PROBLEM REQUIREMENTS
In the entries that follow, find the line containing "HOLLOW FACET RING"; from there, copy every line exactly through the line containing "Koniunktura gospodarcza w".

INFORMATION GIVEN
○ ○ ○ ○
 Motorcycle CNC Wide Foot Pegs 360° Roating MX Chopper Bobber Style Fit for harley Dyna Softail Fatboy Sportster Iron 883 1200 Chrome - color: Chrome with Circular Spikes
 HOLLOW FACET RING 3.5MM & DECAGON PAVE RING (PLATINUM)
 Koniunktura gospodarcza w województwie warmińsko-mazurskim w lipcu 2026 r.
○ ○ ○ ○
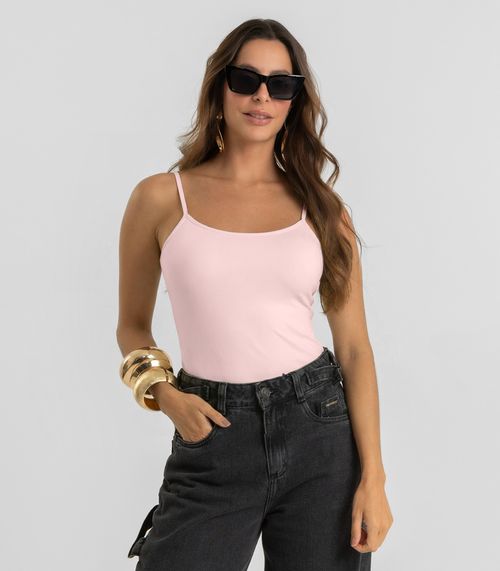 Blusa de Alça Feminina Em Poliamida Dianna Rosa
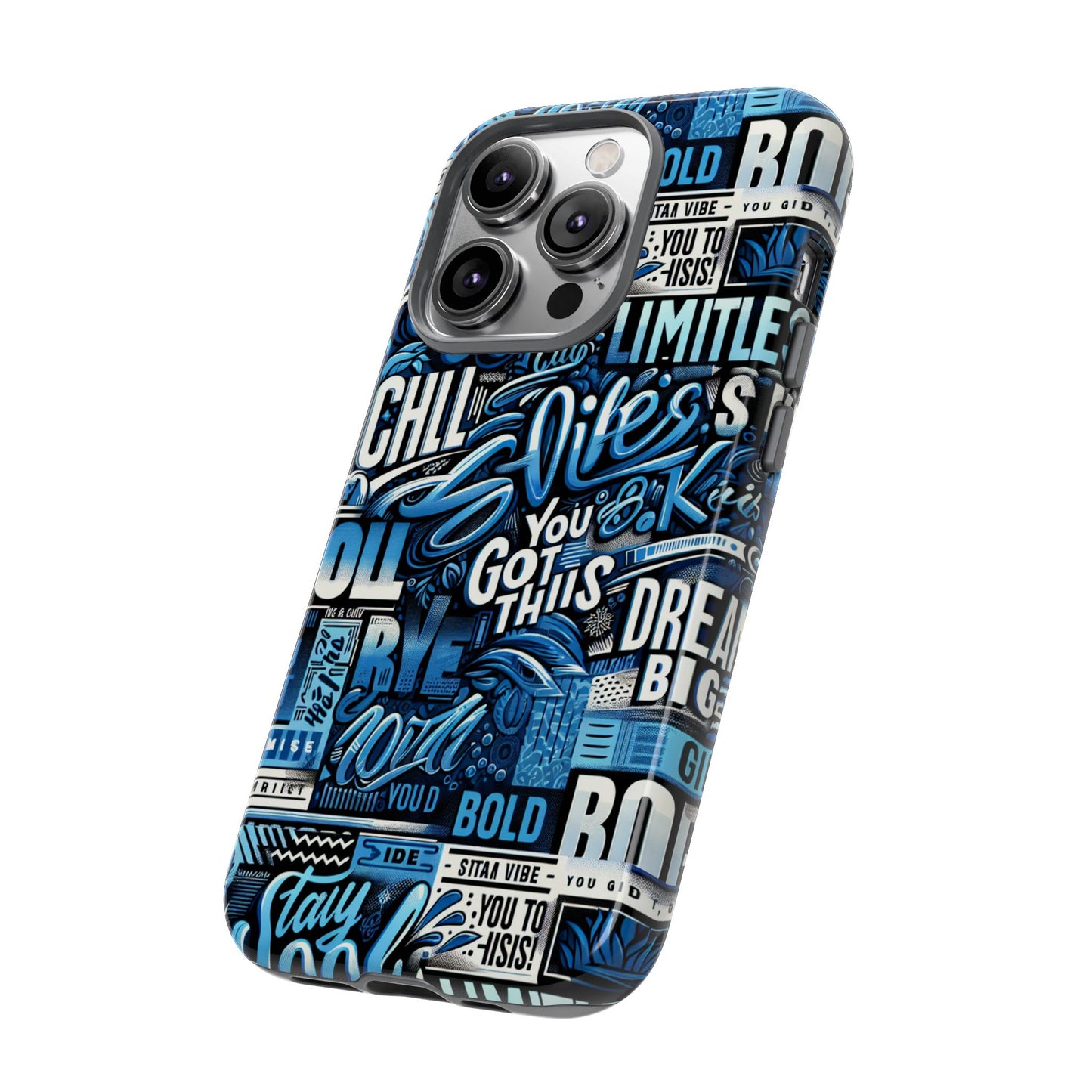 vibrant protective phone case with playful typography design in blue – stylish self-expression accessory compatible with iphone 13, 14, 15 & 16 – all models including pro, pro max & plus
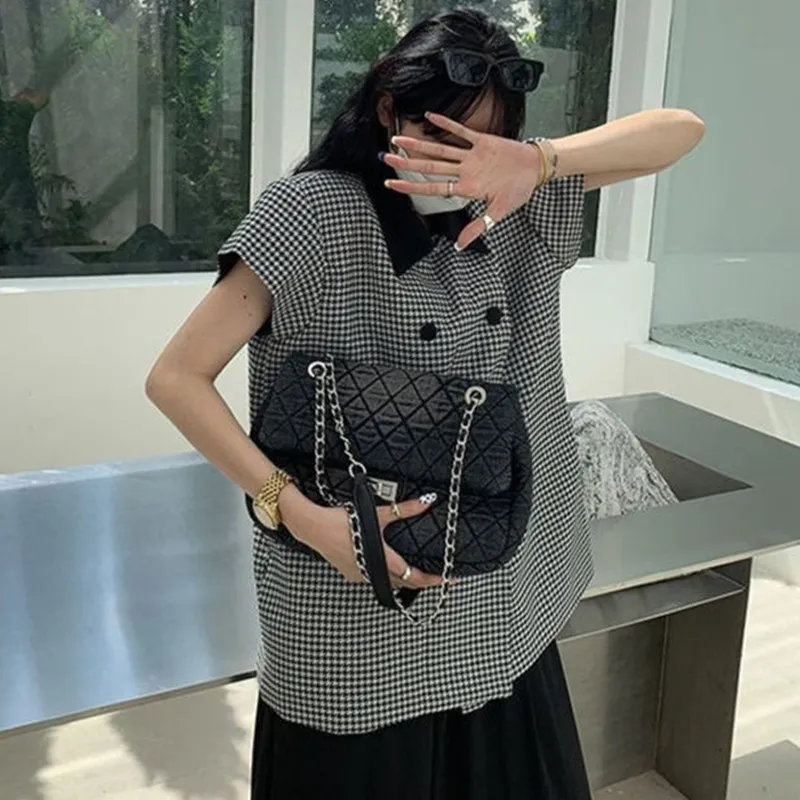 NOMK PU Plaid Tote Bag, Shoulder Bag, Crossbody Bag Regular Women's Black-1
○ ○ ○ ○
YOUR SOLUTION
 HOLLOW FACET RING 3.5MM & DECAGON PAVE RING (PLATINUM)
 Koniunktura gospodarcza w województwie warmińsko-mazurskim w lipcu 2026 r.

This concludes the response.